Dear all,

that is my first post here on Statalist; I hope my request is in line with this forum's policy.

I am currently working with unbalanced panel data. More specifically, that means that my data set consists of two components:
1) archival data for each year between 2008 and 2017 (let's call the variable of my main interest VPerf)
2) survey data, but only for the years 2009, 2010, 2013, 2016, 2017 (let's call the variable my main interest VSurvey)

Although this data set does not represent quite a good starting point, I would still like to show that VSurvey in t0
1) does affect VPerf in t+1 positively and in t+2 negatively and
2) is also dependent on the VPerf t-1

Because of the bidirectional relationship I am hypothesizing in 2), I quickly thought of using SEM in Stata.
However, if I work in the Wide format, I have on the one hand a very weak data set in terms of numbers of observations and on the other hand, I also find mixed evidence (e.g. the impact of VSurvey2009 on VPerf2010 is not the same as the one from VSurvey2013 on VPerf2014).

I do not want to give up at this stage since the number of observations is small and I could still imagine that there is a significant relationship if I would be able to work in the Long format.

The problem with the Long format: without firm fixed effects, Stata believes that several observations from the same company are independent of each other.
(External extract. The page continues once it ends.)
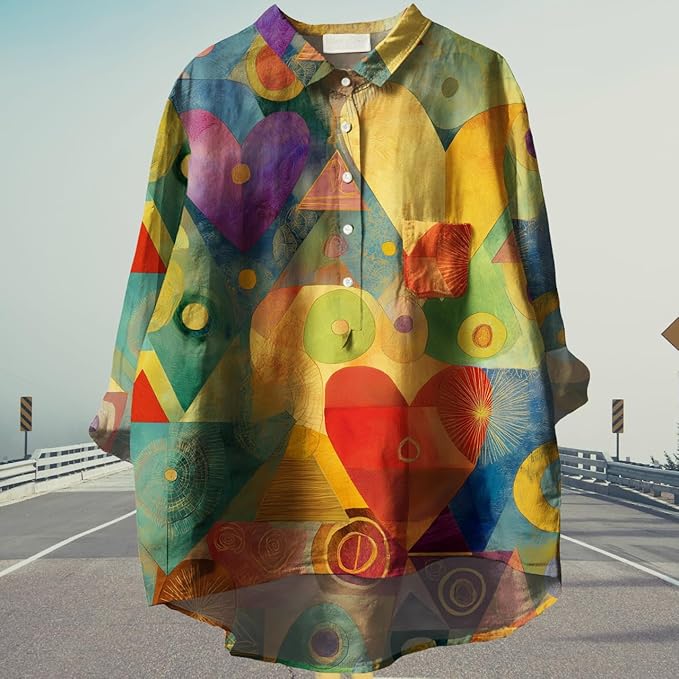 Women Funny Graphic Long Sleeve Floral Blouses Plus Size Button Shirts Casual Cute Vneck Fall Tunic Tops Trendy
Therefore, the coefficient is over-estimated. For that reason, I am looking for solutions how I can include firm fixed effects in my SEM.
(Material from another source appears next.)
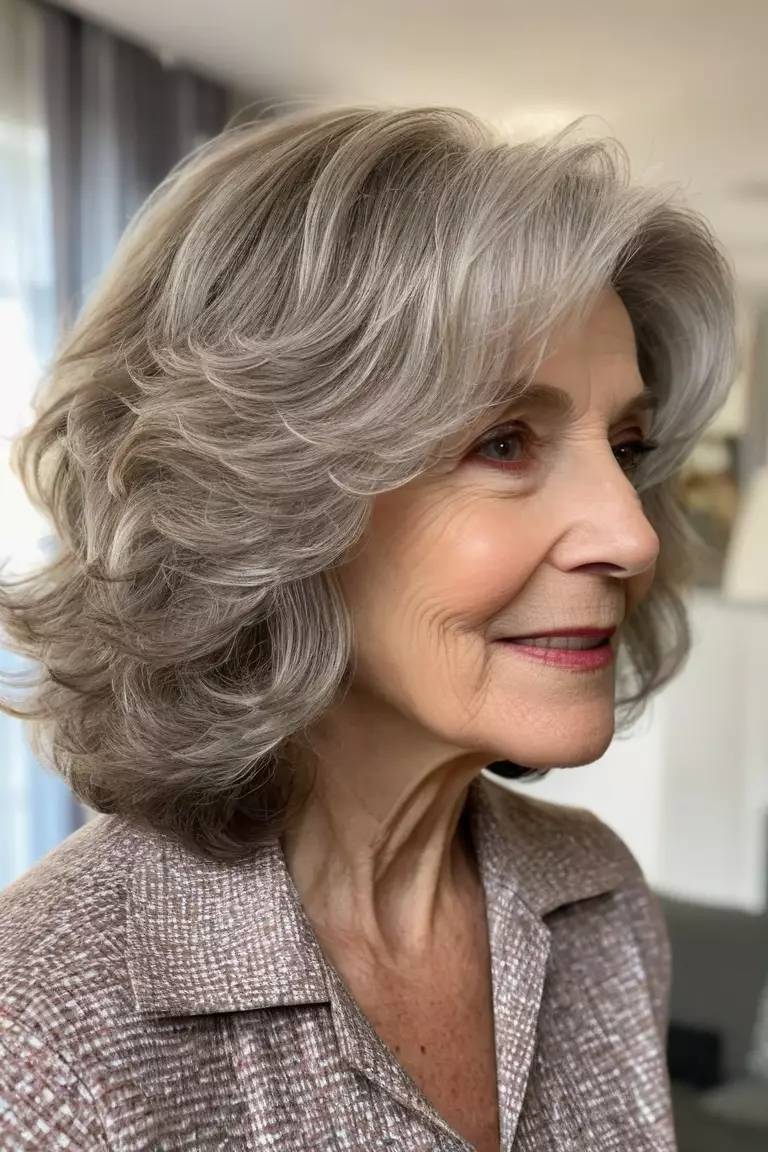 Shoulder-Length Layered Wavy Lob (Long Bob) A photo of a 68-year-old Dorothy, shoulder-length layered wavy lob with soft texture, side view, living room background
What might be also helpful to know:
  • Because of my weak data set I am using full information maximum likelihood (mlmv).
  • I have already read about the “xtdpdml” command. However, I do not think that it is suitable for my problem. On the one hand it cannot account for the bidirectional relationship I am hypothesizing. On the other hand, even if I am only looking for unidirectional relationships, Stata calculates for hours and hours if I use the “fiml” option (“mlmv”-equivalent option) without reaching any results. Probably my data set is too weak.
Thank you very much for any kind of help!

Best,
Eric